What is the Digital Product Passport?
The Digital Product Passport is a digital identity for physical products. It bundles structured information such as material composition, repairability, recyclability, conformity evidence and manufacturer data so that authorised actors can retrieve it digitally.
In ESPR terms, the DPP is a dataset accessible through a data carrier. In practice, a QR code, NFC tag or another machine-readable carrier points to a digital profile that exposes different information to consumers, authorities, repairers, recyclers and business partners.
Which products and companies are affected?

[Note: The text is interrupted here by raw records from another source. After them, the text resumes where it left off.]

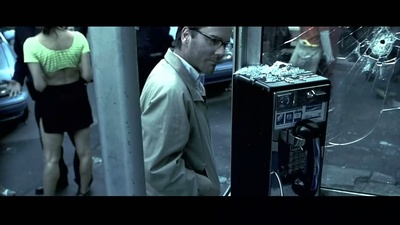 狙击电话亭剧照的剧照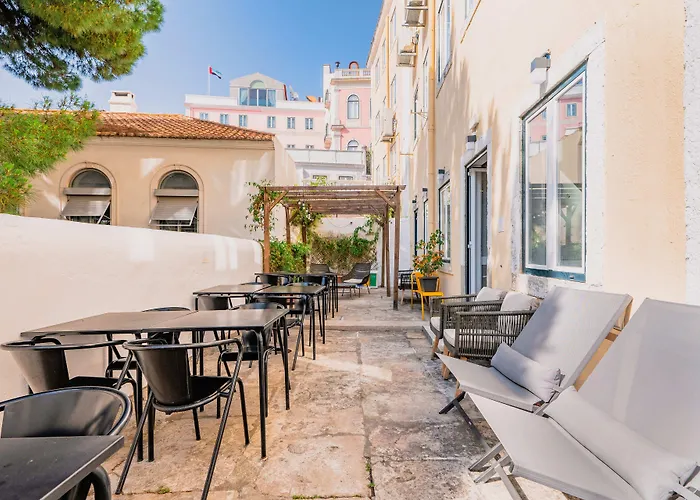 Casa Do Jasmim By Shiadu Hotel Lissabon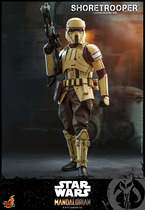 # Special Spot# HOTTOYS HT TMS031 Mandalorian Second Season Stormtroopers Coast Soldiers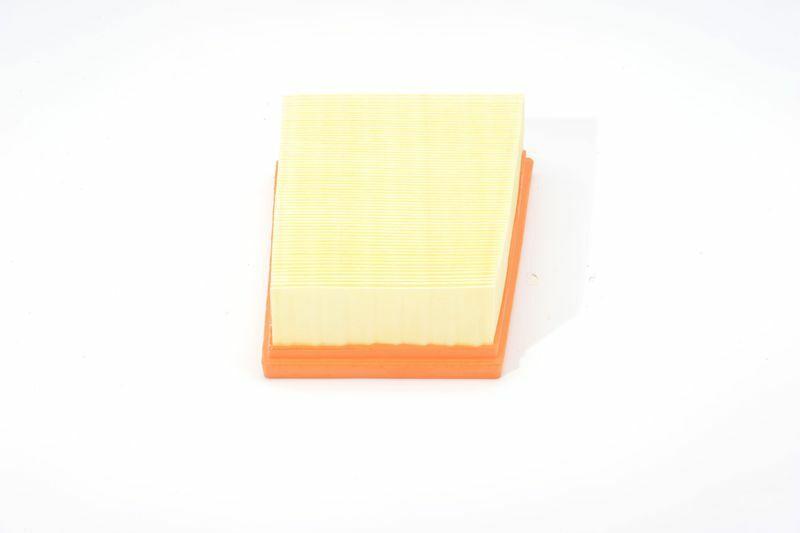 bosch air filter f026400126, car air filter installed, bosch air filter specifications BOSCH Air Filter F026400126 - Fits Koleos 08+, Qashqai & Qashqai +2 | Dimensions: 9.1 x 6.4 x 1.7 inches BOSCH Air Filter | Compatible with Koleos and Qashqai bosch, air-filter, koleos, qashqai, car-maintenance, mechanics, car-owners, auto-parts, vehicle-accessories, ai-generated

ESPR is a framework for almost all physical products placed on the EU market. Concrete duties arise through product-specific delegated acts; batteries already have a fixed battery passport date under the EU Battery Regulation.

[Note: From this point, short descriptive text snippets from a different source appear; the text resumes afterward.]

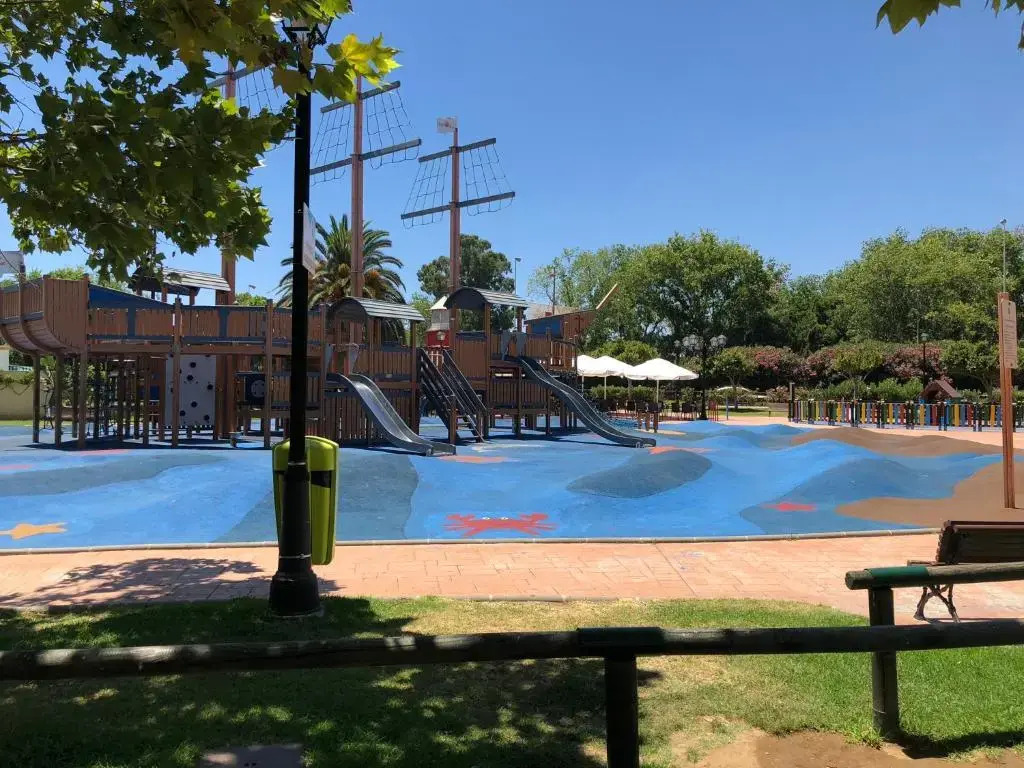Primera línea playa Fuengirola Sofia 3D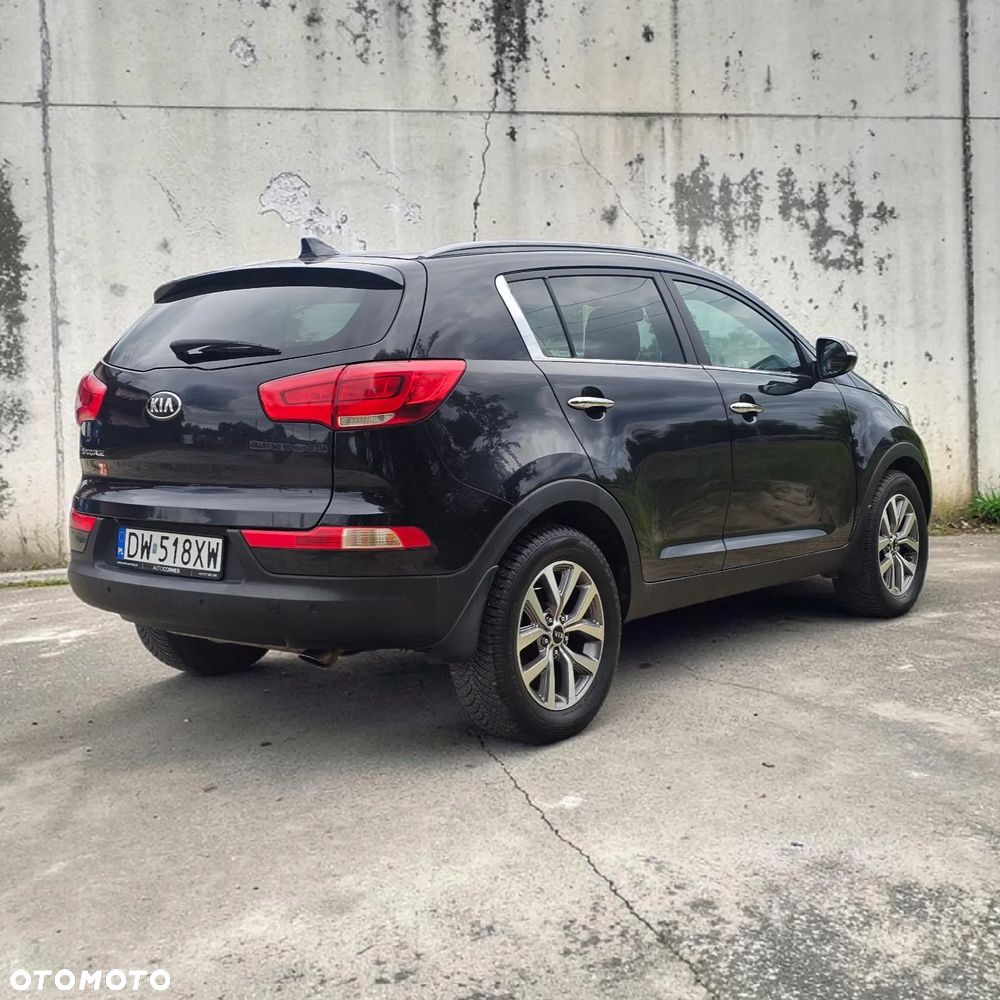 Kia Sportage - 5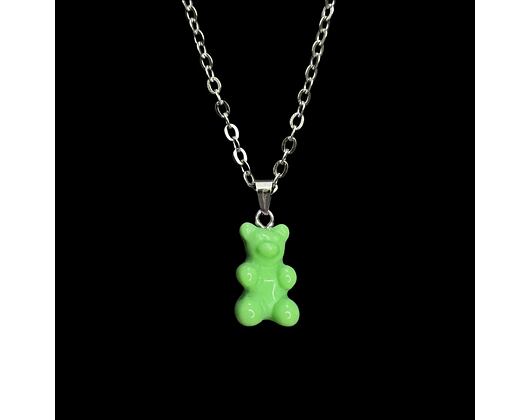 Chain Fainz - Mono Bear Chain - Green Mono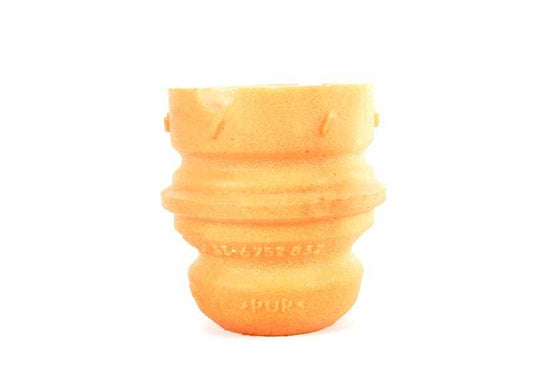Tope de suspensión delantero OEM 31336752832 para BMW E81, E82, E87, E88, E90, E91, E92, E93, F20, F21, F22, F23, F30, F31, F32, F33, F34, F36, X1 E84. Original BMW.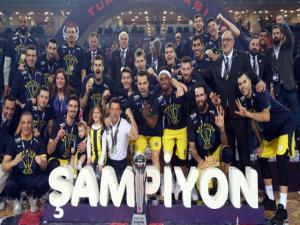 Türkiye Kupası Fenerbahçe 'nin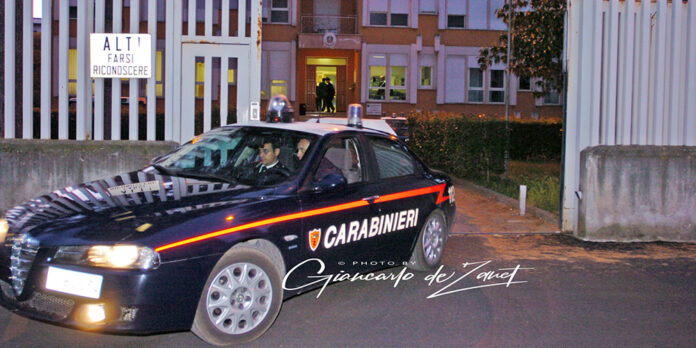 Caserma-CC-Tuscania Carabinieri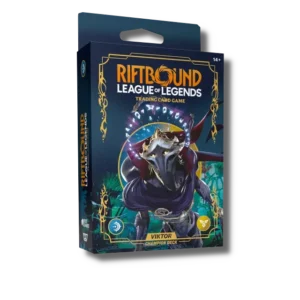 LoL Riftbound: Origins - Set 1 Deck EN: Viktor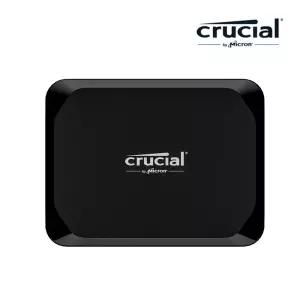 마이크론 크루셜 X9 Portable SSD 대원씨티에스 2TB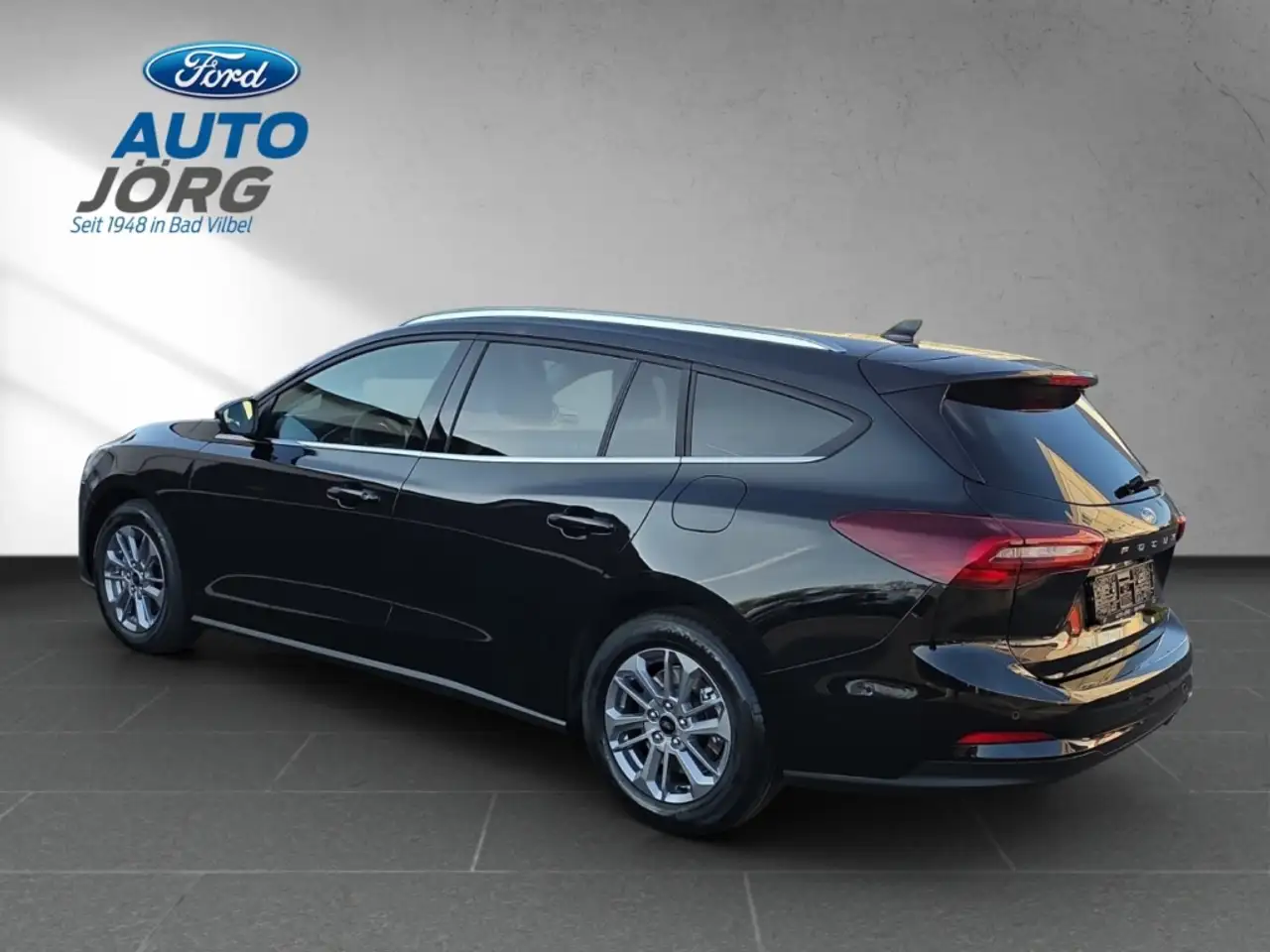 Ford Focus 2026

Current priority sectors include data-intensive categories such as textiles, iron and steel, aluminium, furniture, tyres and mattresses. Companies outside the first wave may not have a final date yet, but supplier evidence, product variants and technical documents need lead time.
Which data belongs in a DPP?
A DPP does not contain one universal mandatory dataset for every industry. Final data fields depend on the product group, but recurring elements include product identifiers, manufacturer information, material data, conformity documents, repair information and end-of-life data.

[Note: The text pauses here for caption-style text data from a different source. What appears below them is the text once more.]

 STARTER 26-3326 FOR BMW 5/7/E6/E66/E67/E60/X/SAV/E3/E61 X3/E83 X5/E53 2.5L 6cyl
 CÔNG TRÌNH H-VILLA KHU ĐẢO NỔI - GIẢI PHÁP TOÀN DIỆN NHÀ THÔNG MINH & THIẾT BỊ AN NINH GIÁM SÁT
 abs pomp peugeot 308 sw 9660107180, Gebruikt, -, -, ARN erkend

For implementation, treat every data field as versioned evidence. A certificate, supplier document or lab report should not just be uploaded; it needs to belong to the right product, batch and publication status.
- Product identity: GTIN, serial number, batch or unique product identifier.
- Compliance: CE-related evidence, technical documentation and declarations of conformity.
- Sustainability: material composition, recycled content, carbon or environmental footprint, repairability.
- Access: separate public information, protected B2B information and authority access.
How should manufacturers start?
Manufacturers should start with the DPP data model, not the QR code. The data carrier is only the entry point; compliance comes from complete, current and auditable data with clear ownership.
A practical first step is a DPP readiness check: prioritise product groups, map existing data sources, connect evidence to requirements and expose gaps by product family. ERP, PIM and supplier portal integrations can then be planned intentionally.